* Data block:

-- -- --

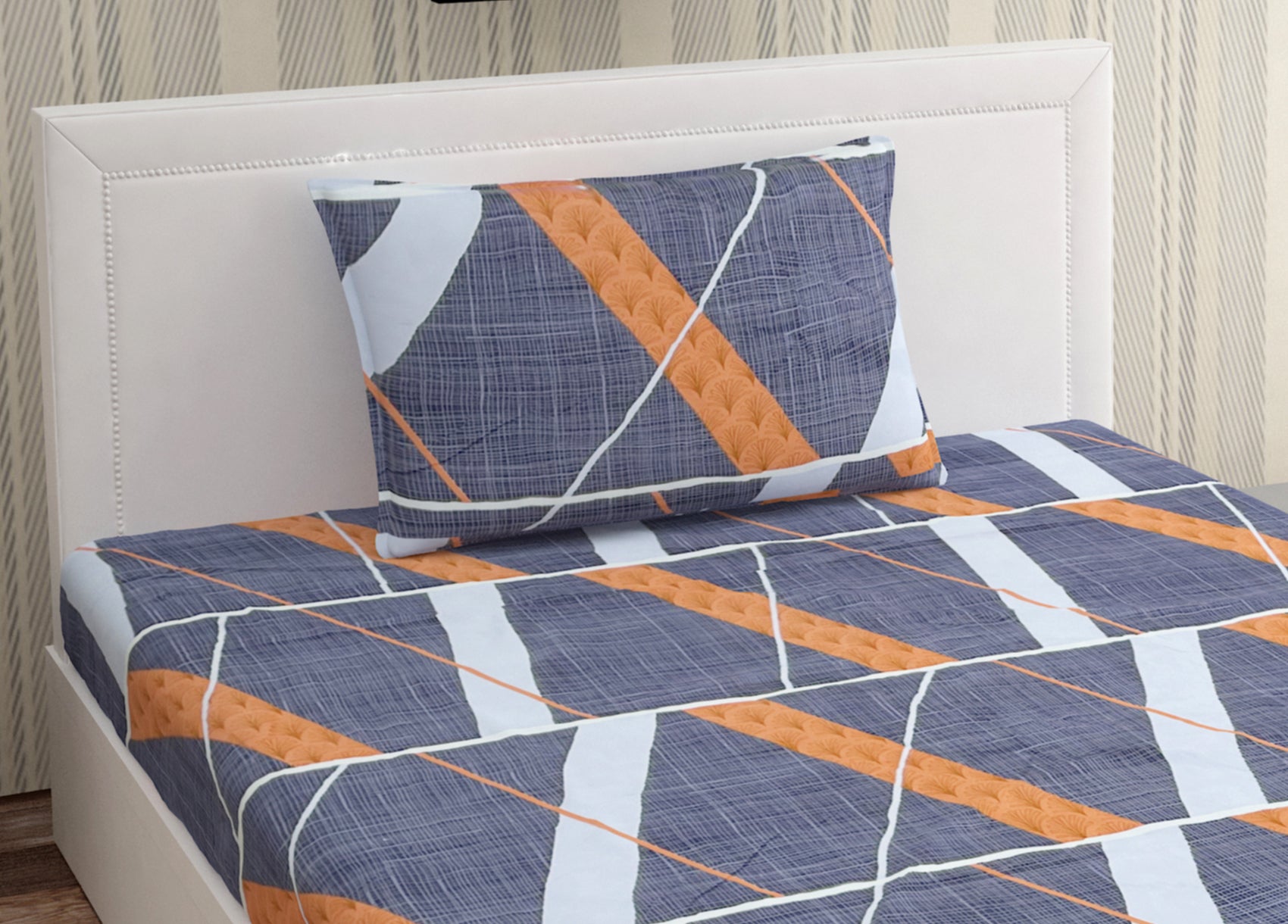 Europa - Orange Diagonals in Denim Blue - 240 TC Printed Bedsheet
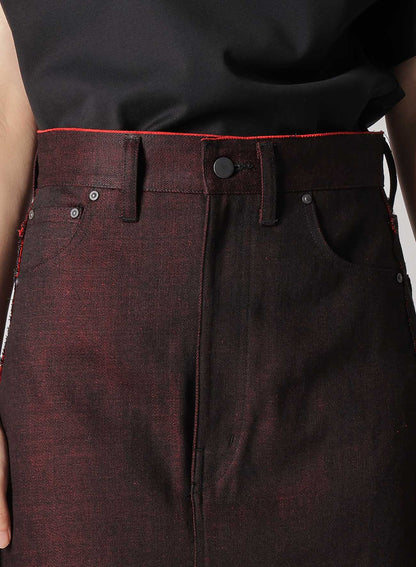 BACK RED BLACK DENIM SKIRT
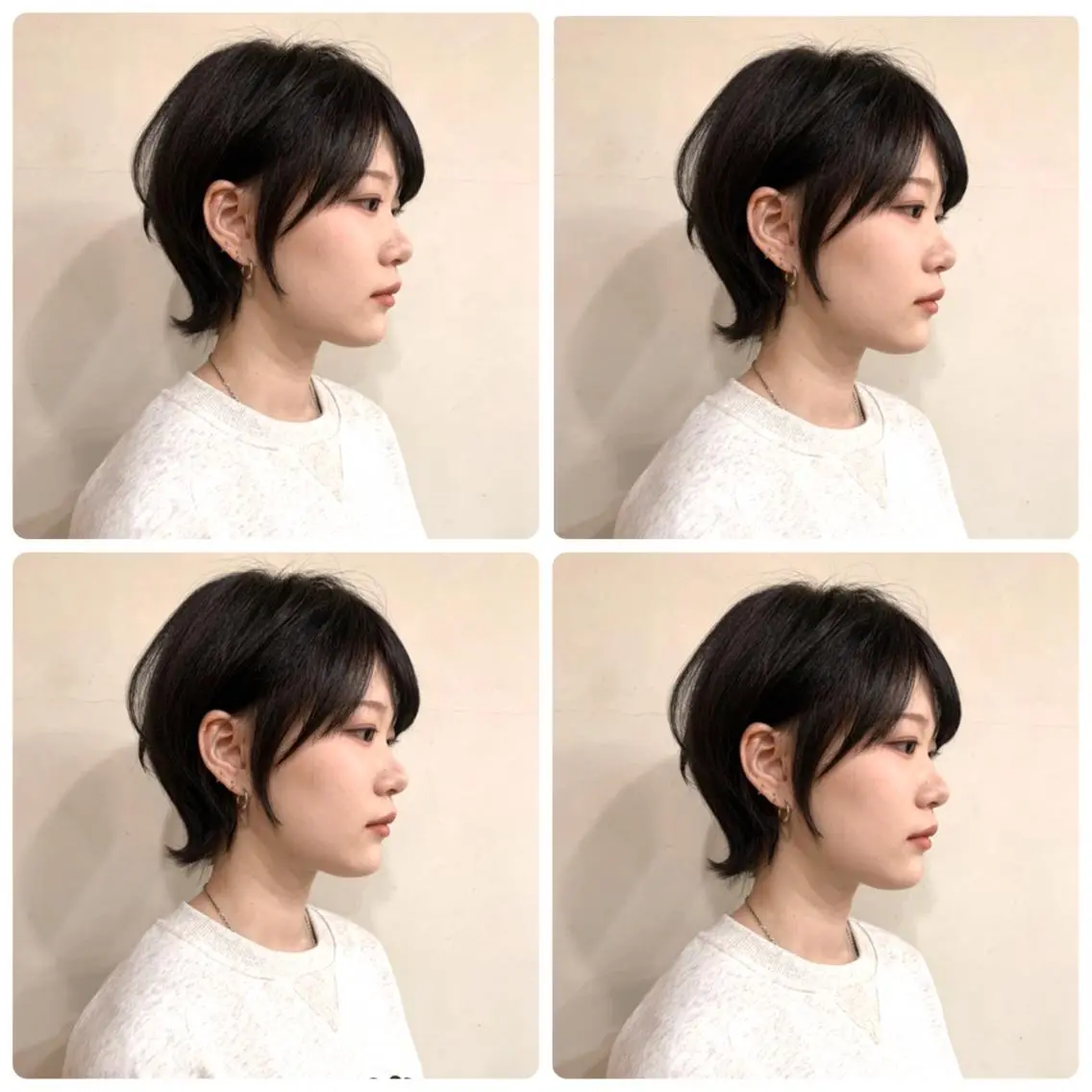 ショート カラー アッシュ ベージュカラー ブルーカラー ブラウンカラー ショコラベージュ カット ヘアカラー 京都大人女性ショート 徒歩1分/秋山のヘアスタイル
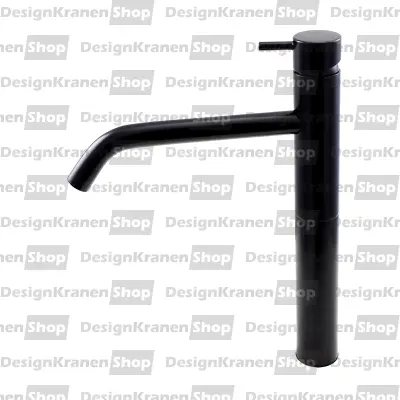 Waterevolution Flow hoge wastafelkraan voor waskommen inclusief click waste mat zwart T115PR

-- -- --

* What needs to be done: Restate the whole listing above exactly, except for its images.

* Result of this exercise:
 Europa - Orange Diagonals in Denim Blue - 240 TC Printed Bedsheet
 BACK RED BLACK DENIM SKIRT
 ショート カラー アッシュ ベージュカラー ブルーカラー ブラウンカラー ショコラベージュ カット ヘアカラー 京都大人女性ショート 徒歩1分/秋山のヘアスタイル
 Waterevolution Flow hoge wastafelkraan voor waskommen inclusief click waste mat zwart T115PR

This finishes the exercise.